Ben Smedberg: Announcing the release of the Atom 1.0 plugin for Wordpress, version 0.5
Looking at the output, it is valid. Bravo!
Looking closer, the plugin marks titles as html
as they might contain markup. Most don’t. It marks content elements as html
as they might not be well formed. Most are. And it uses CDATA, even though the text might contain the characters ]]>
. Admittedly, most don’t, but they might.
Last time I checked, PHP has the ability to do if-checks. :-)
This might be overkill, but I’m just throwing it out there for consideration. text.php. text.phps. Test cases are near the bottom.

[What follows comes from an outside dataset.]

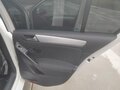 2011 Volkswagen Golf VI, белый, 425000 рублей - вид 8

Well, then it gets interesting.
WP’s titles are natively HTML: type ampersand-g-t-semicolon, your web page displays a greater-than symbol. In get_the_title_rss(), filters for both the_title and the_title_rss are applied, so it goes through wptexturize(), convert_chars(), trim(), strip_tags(), ent2ncr(), and wp_specialchars(). For the most part those are no-ops for us, but if you have a raw ]]> in your title, the behavior of strip_tags() depends on what else you have: “<3 the ]]>” will become “”. But if you get your ]]> past there, wp_specialchars() will replace the > with a named character entity reference. I think the standard expectation is that it’s producing plain text, which will not be in a CDATA section, but that seems to approximately work out as also being “HTML” which is in a CDATA section.
For summary? the_excerpt_rss() expects to be in a CDATA section, as the content of an RSS 2.0 description element, so I’m guessing it’s prepared as meatcake. I’ll try to start looking at it earlier, tomorrow night.